Au tour de la Fed

par Eric Vergnaud, économiste chez BNP Paribas

La sortie des politiques monétaires non conventionnelles mises en place par les grandes Banques centrales pour faire face à la crise s’organise.

Ainsi, la Réserve fédérale vient d’annoncer une remontée de son taux d’escompte, de 0,50% à 0,75%. En outre, les prêts à la fenêtre d’escompte ne seront plus effectués qu’au jour le jour, contre une maturité maximale de 90 jours depuis le début de la crise. Enfin, le taux minimum d’emprunt à la Term Auction Facility (TAF – une procédure d’appels d’offres bi-mensuels accessible aux banques de dépôts – depositary institutions – pour laquelle les collatéraux acceptés sont les mêmes qu’au guichet de l’escompte) a été relevé de 0,25% à 0,50%.

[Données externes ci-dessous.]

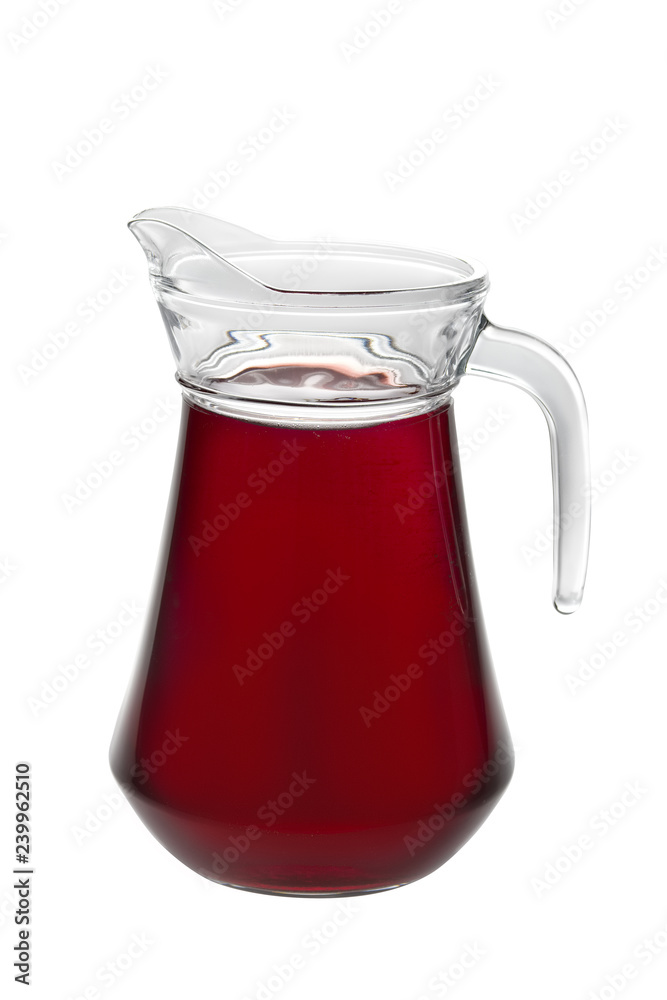 Big pitcher with plum juice isolated on white background Big pitcher with plum juice isolated on white background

Au-delà du symbole, puisqu’il s’agit de la première hausse du taux d’escompte depuis juin 2004, le message adressé par la Fed est double. D’une part, la Banque centrale considère que les conditions en matière de liquidité s’améliorent suffisamment rapidement. D’autre part, elle veut inciter les banques à privilégier le recours au marché monétaire et à rendre au guichet d’escompte le statut qui était le sien avant la crise, un financement de dernier recours. Le relèvement du taux d’escompte doit être vu comme un début de normalisation ; l’écart avec le taux objectif des Fed funds, désormais de 50 pb, était de 100 pb avant la crise. En outre, ce geste offre une marge de manœuvre à la Réserve fédérale dans sa fixation du taux de rémunération des réserves, qu’elle voudrait voir, au moins pendant une période de transition, devenir le taux clef régissant la politique monétaire, en faisant office de quasi-taux plancher sur le marché monétaire. Tout cela avait été évoqué le 10 février dernier par M. Bernanke, lorsqu’il avait indiqué ce que pourraient être les grandes lignes de la « stratégie de sortie » de la Fed.

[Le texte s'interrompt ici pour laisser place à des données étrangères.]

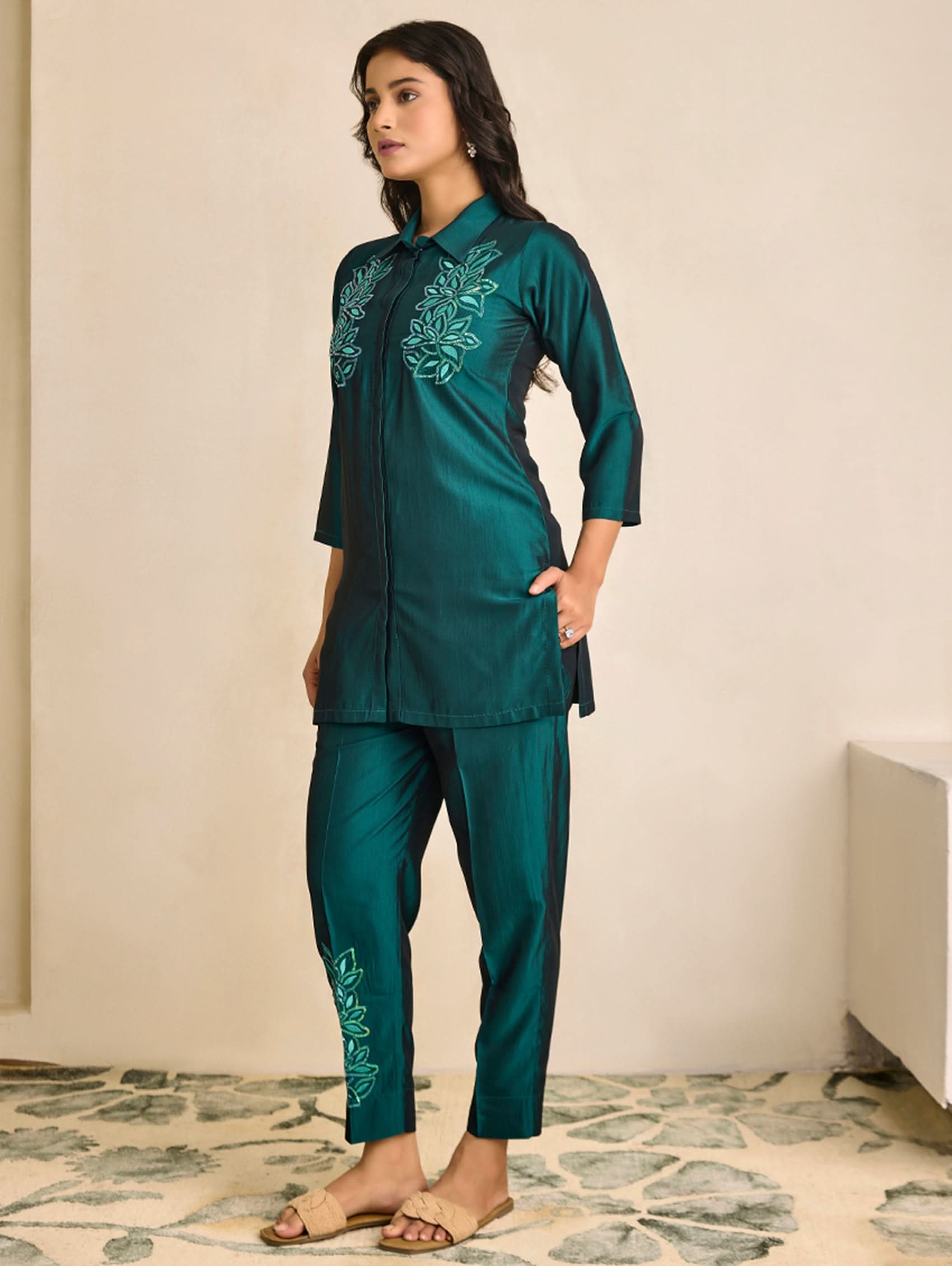 Woman wearing a teal embroidered outfit standing in a room with a neutral background.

Toutefois, en dépit de l’amélioration indéniable en matière d’activité (en janvier, la production industrielle a enregistré une septième hausse mensuelle consécutive, particulièrement marquée, avec une progression de 6,8% en rythme trimestriel annualisé), le maintien d’une politique monétaire très accommodante est toujours jugé nécessaire à court terme. En dépit d’une nette décélération des destructions d’emplois, le marché du travail n’est pas encore parvenu au terme de son ajustement. La Fed a d’ailleurs été très claire, en indiquant que le geste sur le taux d’escompte ne devait pas être interprété comme le début d’un cycle de resserrement, ni même comme une modification de ses intentions en termes de politique monétaire. A cet égard, le recul de l’inflation sous-jacente de 1,8% en décembre 2009 à 1,6% en janvier, avec la première baisse mensuelle depuis décembre 1982, arrive fort à propos. Dans ces conditions, nous estimons qu’une hausse du taux objectif des Fed funds dès cette année reste improbable.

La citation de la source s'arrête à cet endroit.